_Problem details_. Output the lines from the one holding "גרצ'יקו Casa Canaria Acero מראה חיצוני תמונה" to the end of the entries that follow, exactly and only those, minus any pictures.

_Task input_.
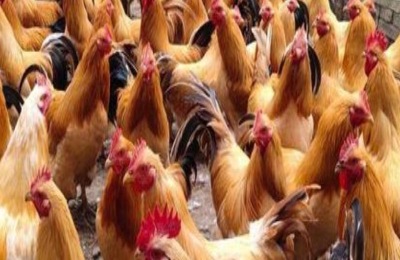 三黄鸡苗的价格是多少?三黄鸡的养殖前景如何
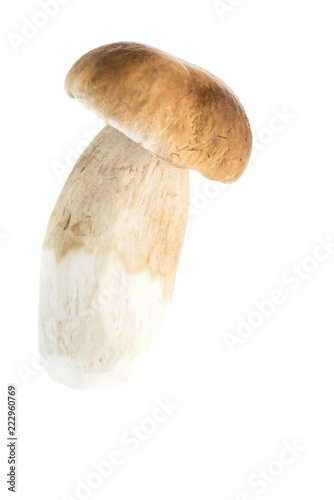 Edible porcini mushroom on a white background.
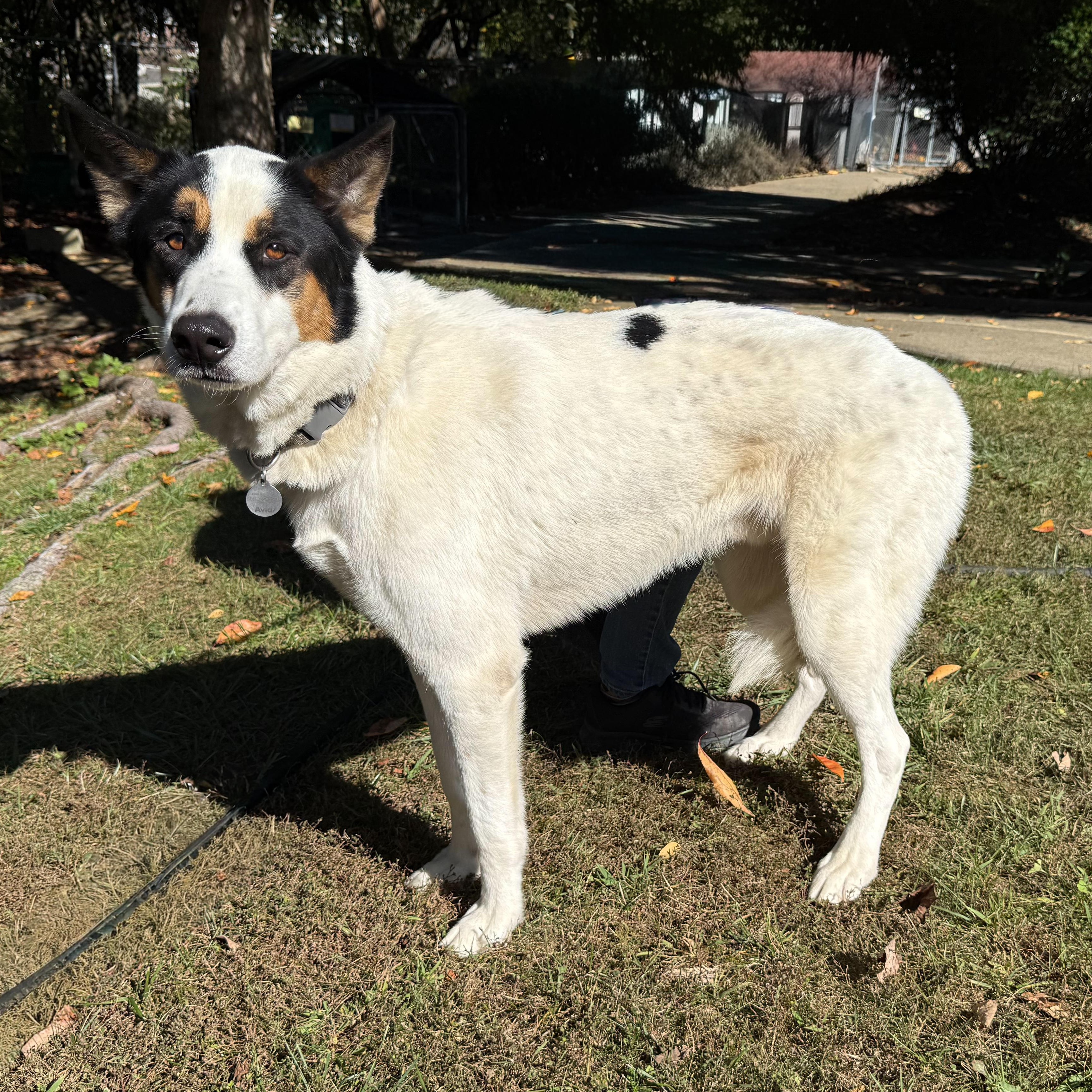 Enlarge Ravi, a Adoptable mixed breed in Latrobe, PA image 2/6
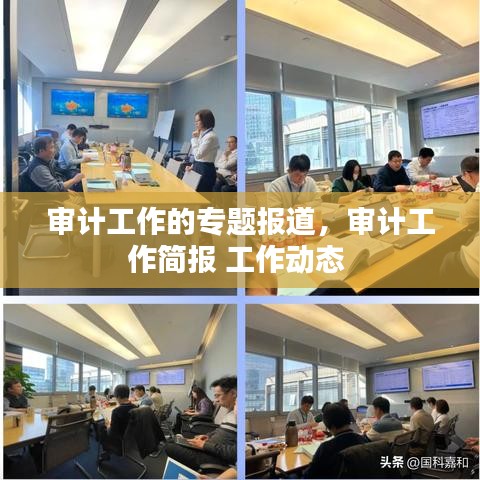 审计工作的专题报道，审计工作简报 工作动态 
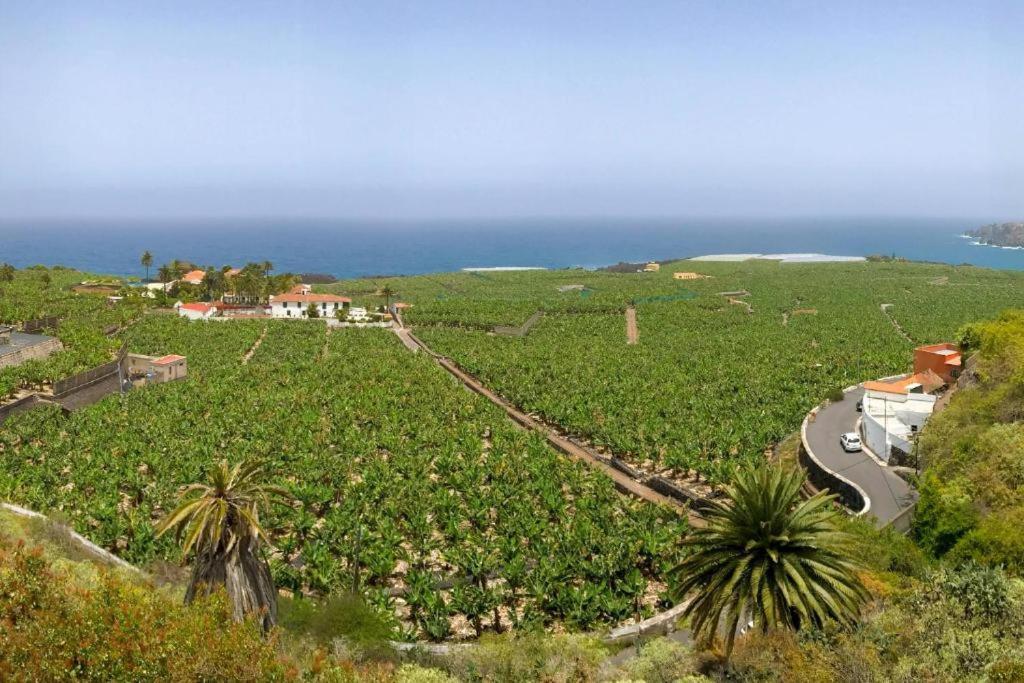גרצ'יקו Casa Canaria Acero מראה חיצוני תמונה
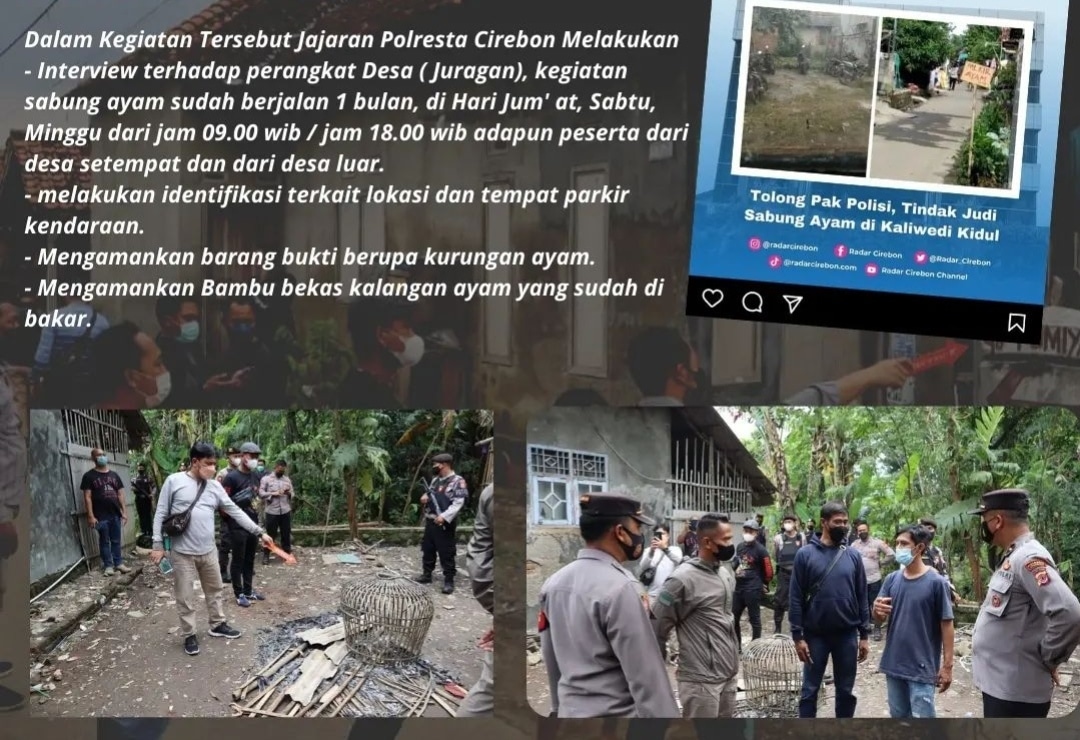 Sabung Ayam Kaliwedi Kidul, Polresta Cirebon Langsung Datang, Gercep Banget!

_Answer_.
גרצ'יקו Casa Canaria Acero מראה חיצוני תמונה
 Sabung Ayam Kaliwedi Kidul, Polresta Cirebon Langsung Datang, Gercep Banget!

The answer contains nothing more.